Bumpa setup looks like this:

  • Your full branded online store is live in under 5 minutes without having to code, or hiring a designer, developer, or watching any extra tutorials

  • Integration with social media tools (WhatsApp and Instagram DM integration) are already there when you sign up, so you don't go looking for them in an app marketplace.

  • If you want a more premium look, custom website themes are available but even the default options look professional enough to send to customers on day one

  • Everything you need like inventory management, stock alerts/notifications, CRM and more exist inside the platform.

  • Time to your first order: the same day you sign up

I’ve seen many brands in different sectors of the industry like fashion, gadgets, bookstores, etc set up their Bumpa store in less time that it takes to eat  lunch break and get their first order before the end of the working day.

You can see exactly how the payment and store setup works on the Bumpa blog here — it's a straightforward walkthrough that shows you what the experience actually looks like from the inside.

1. Payments: Local, International, and Everything In Between

For most African businesses, payment is often the most important part of the business ecosystem.

What that means in practice for both platforms:

Shopify Payments: 

  • You have to find and connect a third-party gateway yourself like Paystack, Flutterwave, or similar

  • Shopify then charges you an additional transaction fee on every sale for using that gateway i.e. 2% on Basic, 1% on the mid-tier, 0.6% on Advanced, on top of what the gateway already charges

  • Getting your money out often means setting up a foreign bank account or using a fintech like Grey or Payoneer just to route your own earnings

  • And as mentioned earlier, paying your Shopify subscription from Nigeria or Kenya frequently requires a virtual dollar card because local bank cards get declined

Bumpa payments: built for how you actually get paid

Here's what Bumpa's payment setup looks like:

  • Bumpa Terminal — built-in payment processing at 1.5%. Accepts bank transfers, cards, USSD, and cash. No third-party gateway needed for local sales.

  • Bumpa Wallet — instant settlements into your wallet, with 8% interest on your balance and a ₦50 withdrawal fee. No waiting 24 hours to access your money.

  • Paystack and Nomba integration — already there if you prefer those gateways for your business

  • International payments in USD and GBP — available on the Growth plan via Stripe. Your customer in London pays in pounds. Your customer in Houston pays in dollars. The money lands in your account in that currency. No manual routing, no foreign bank account required.

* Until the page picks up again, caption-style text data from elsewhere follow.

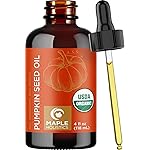 Maple Holistics Pumpkin Seed Oil Organic Certified - 100% Pure Organic Pumpkin Seed Oil for Hair and Anti Aging Face Oil - USDA Organic for Dry Hair and Volume - Virgin Cold Pressed & Unrefined (4oz)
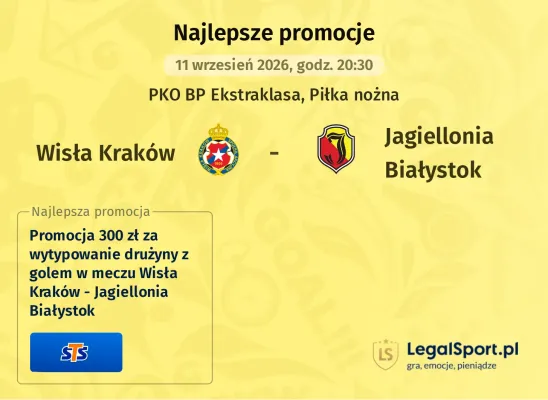 Promocja STS: 300 zł za wytypowanie drużyny z golem w meczu Wisła Kraków - Jagiellonia Białystok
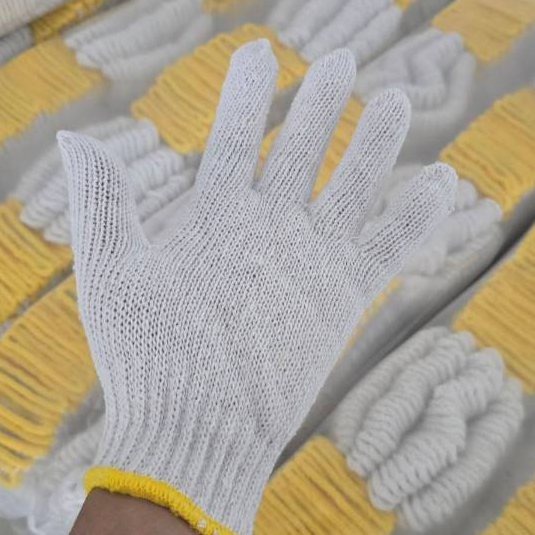 ถุงมือผ้าคอตตอน  ถุงมือช่าง สีขาว น้ำหนัก 600 กรัม ฺBrand T2PLUS 100โหล 1200 คู่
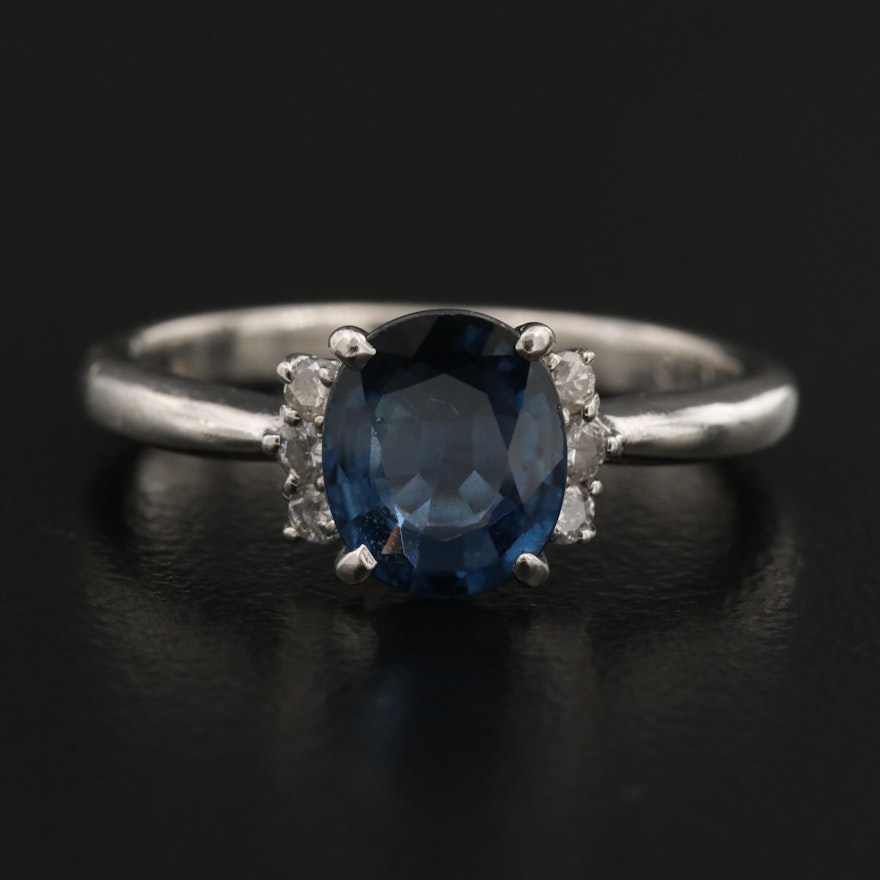 Platinum 1.32 CT Sapphire and Diamond Ring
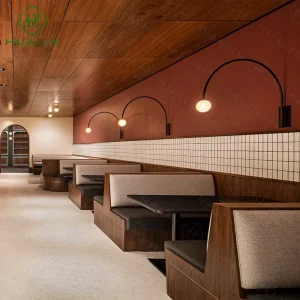 Modern Style Luxury Restaurant Sofa Booth Hotel Cafe Theme Restaurant Booth Table and Chairs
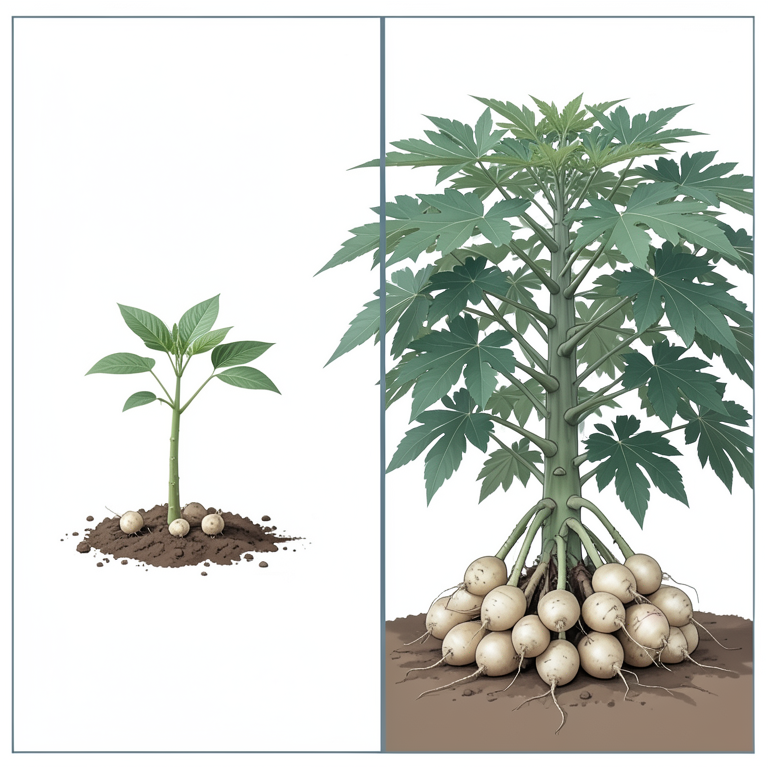AI-generated conceptual illustration (Cassava plants and tubers in a field in southwest Nigeria). It explains the idea and does not show study data.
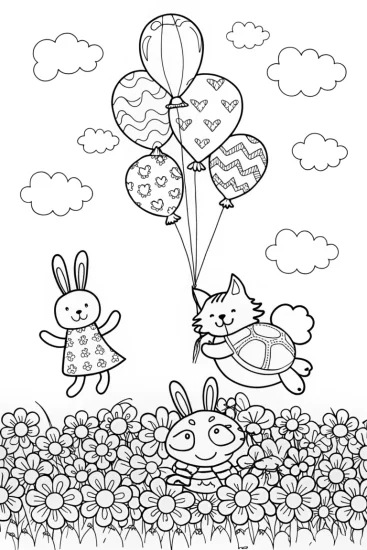 A coloring page of Springtime Balloon Adventure Coloring Page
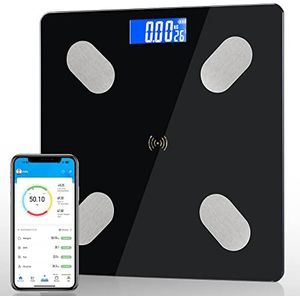 Diboniur Personenweegschaal, verbonden weegschaal, impedantiemeter voor iOS en Android, personenweegschaal met 12 lichaamsgegevens, vetmassa en spieren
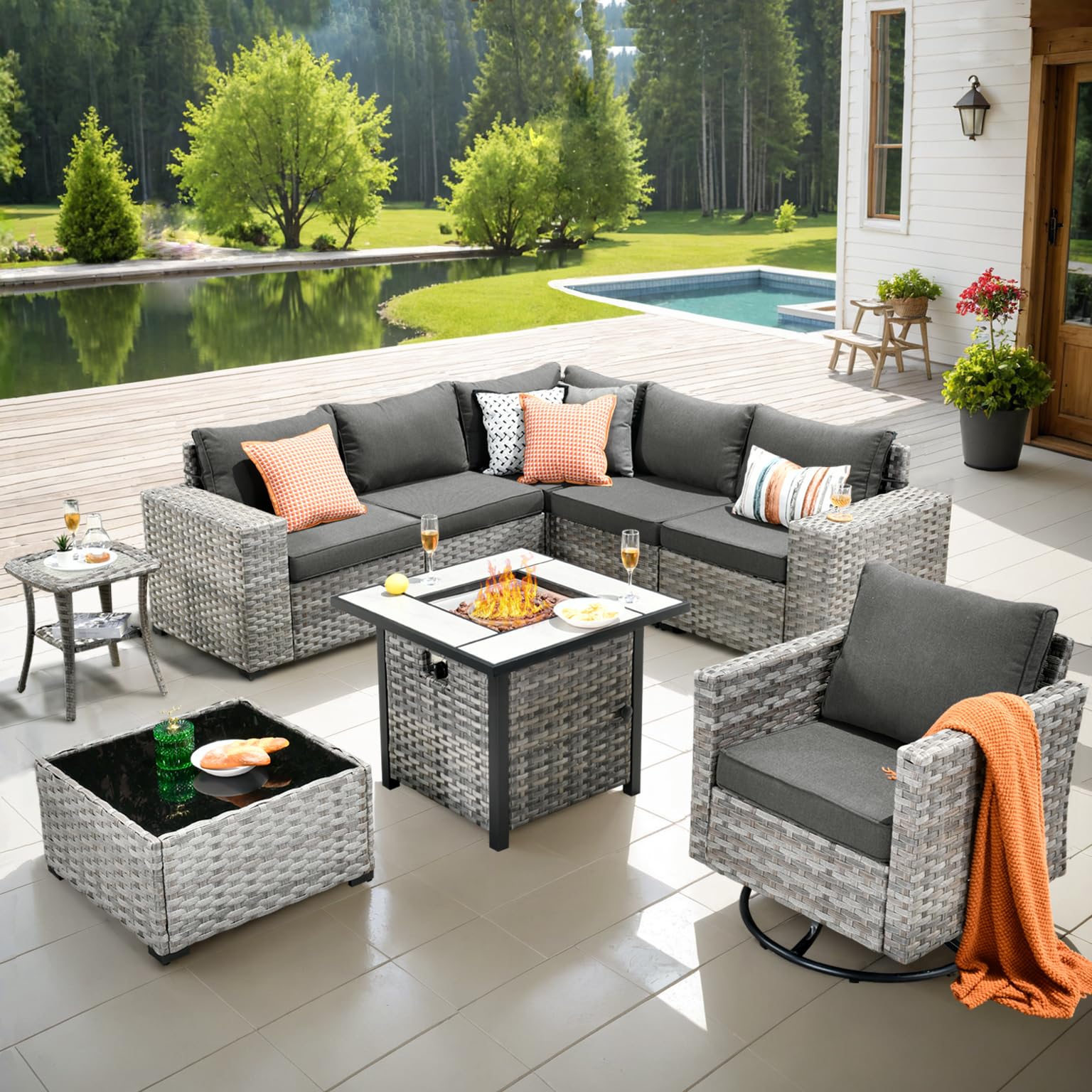 Ovios 9 Pieces Patio Furniture Set, Outdoor Sectional Sofa with Swivel Rocking Chair, 30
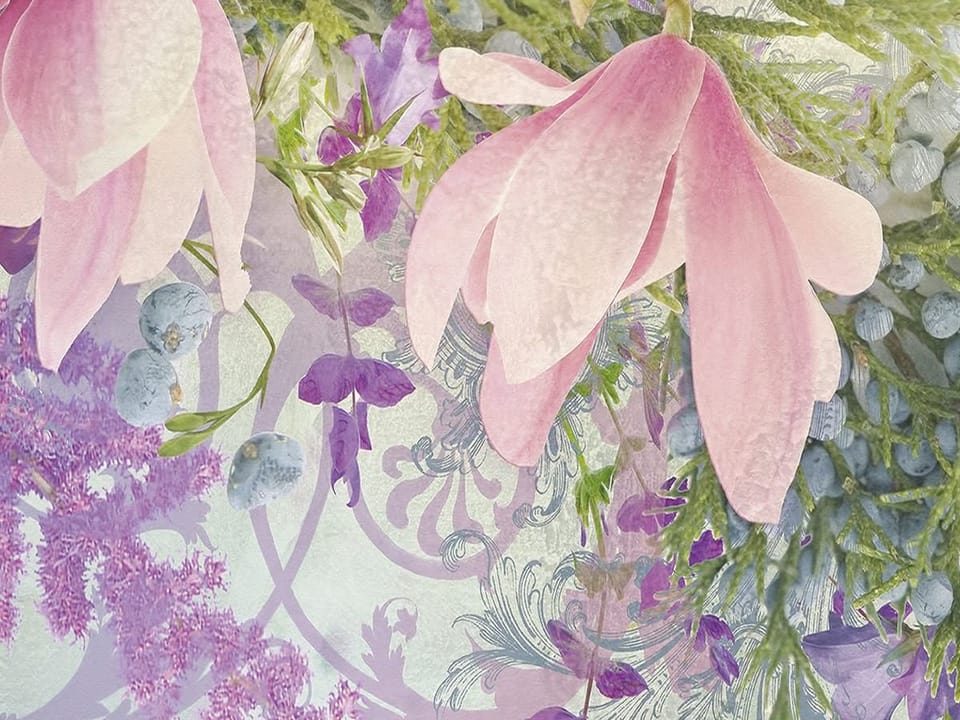 Fototapeta Magnolie w towarzystwie lawendy - realne zdjęcie w rolce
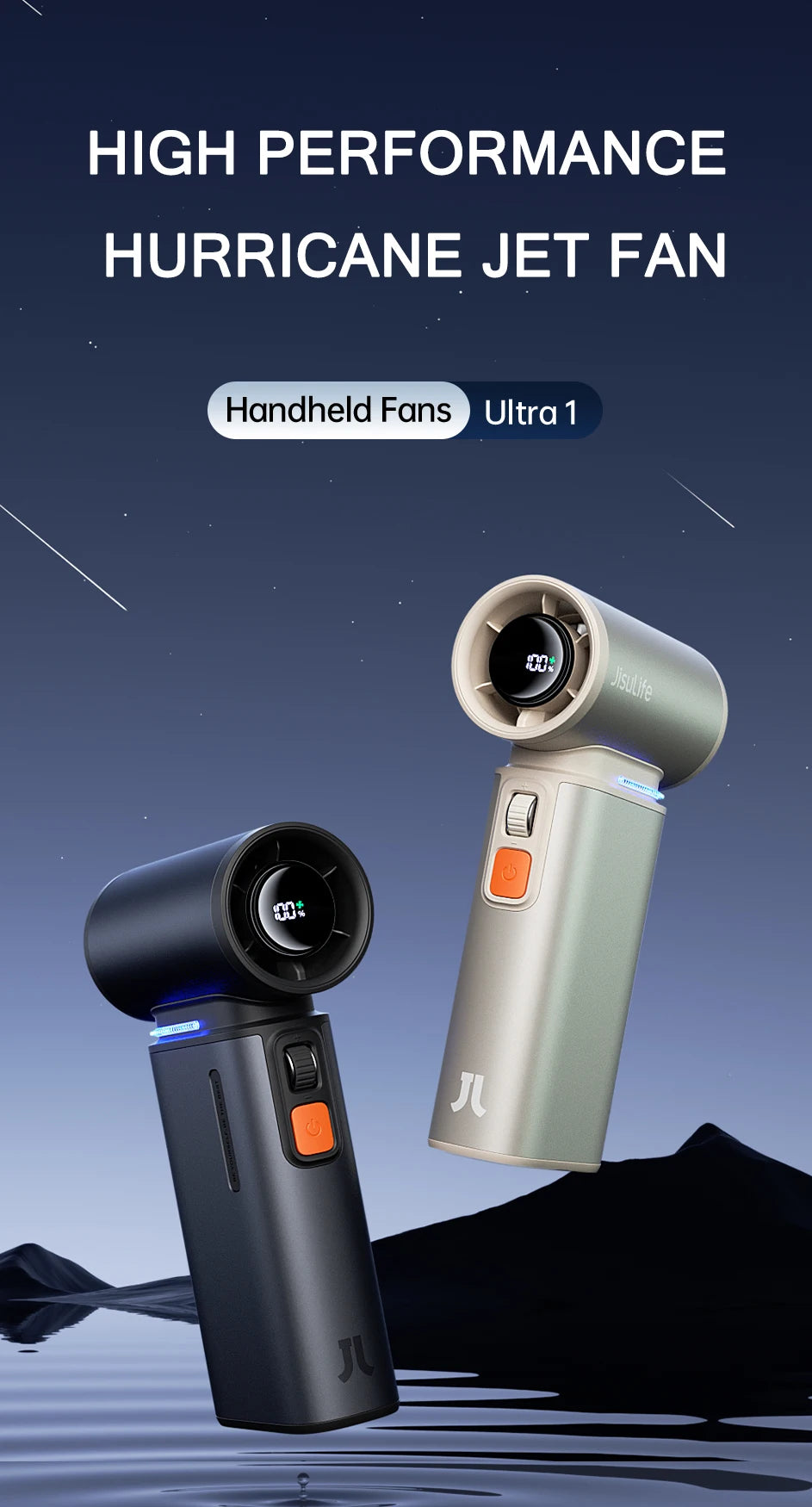 Turbo Handheld Fan – 100-Speed, 9000mAh Battery, LED Display for Outdoor Cooling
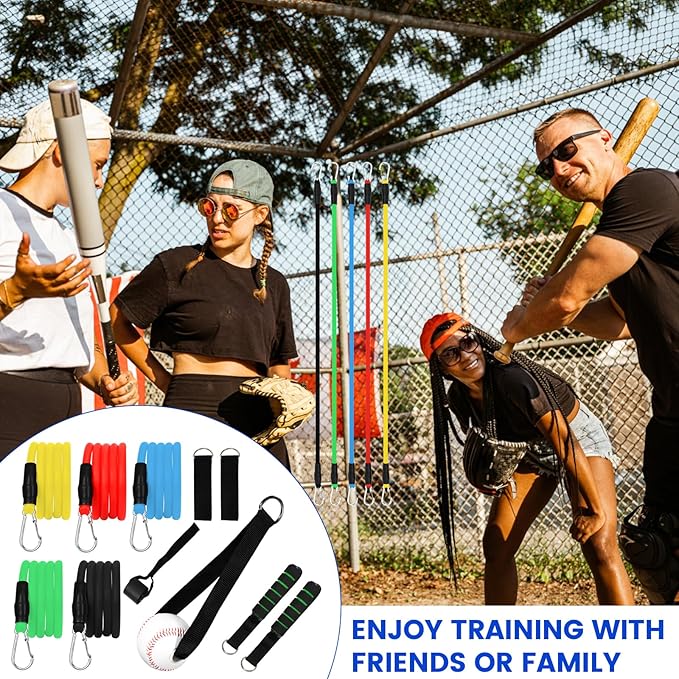 Baseball Resistance Trainer,Training Aid for Baseball Softball Pitchers,Interchangeable Grips to Build Arm Strength,Arm Bands for Baseball Players,Baseball Throwing Trainer,Great to Warm-Up - Bloomnest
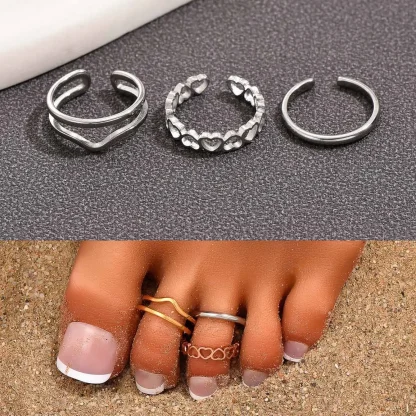 3 Pieces Elegant Stackable Toe Rings - Image 6
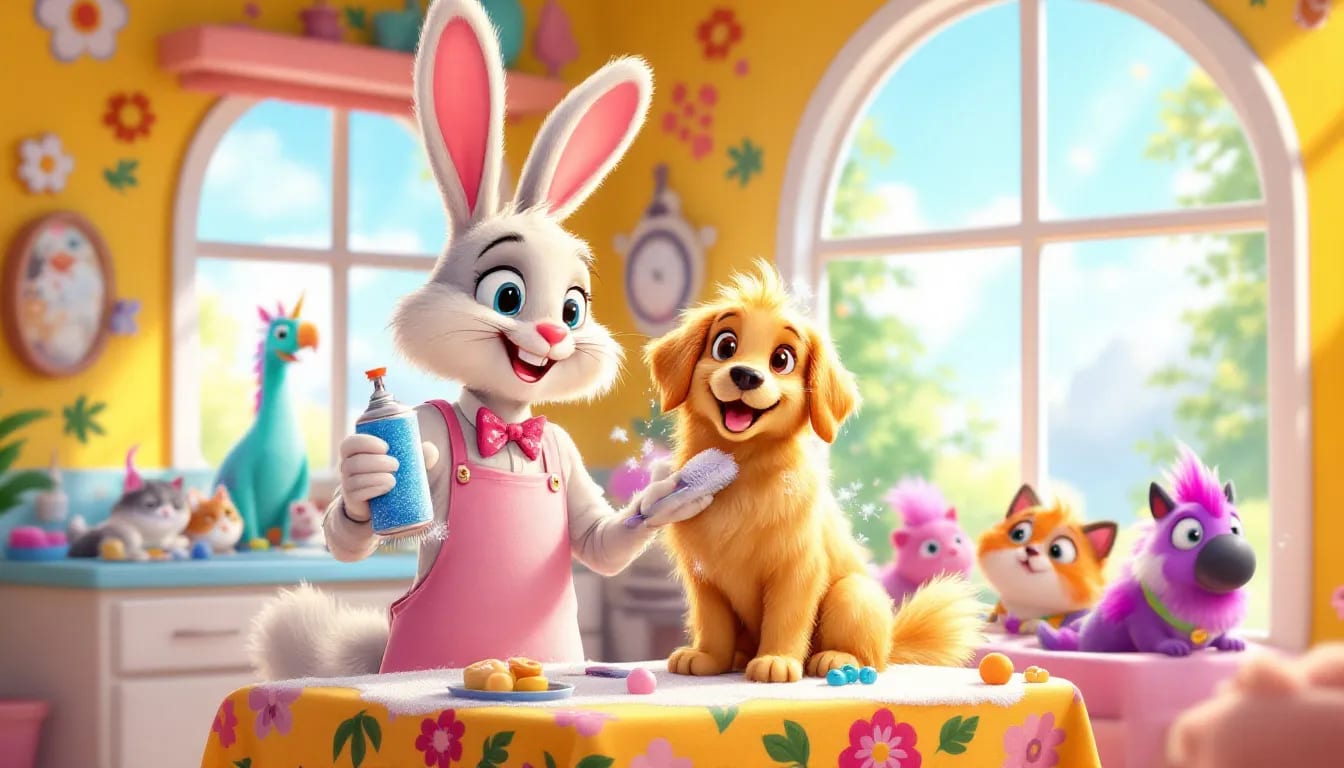 A cartoon illustration of a dog during a grooming session.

  • Multi-currency storefront — show prices in Naira and in USD or GBP at the same time, so international customers see exactly what they're paying

A Nigerian fashion brand with diaspora customers in the UK doesn't need Shopify to collect pounds. A Kenyan beauty brand selling to customers in Canada doesn't need a second platform to accept dollars. Bumpa handles both sides of that (local and international) from a single dashboard. You can read more about how the international payment setup works right here.

For a full breakdown of every payment method Bumpa supports, this guide covers everything.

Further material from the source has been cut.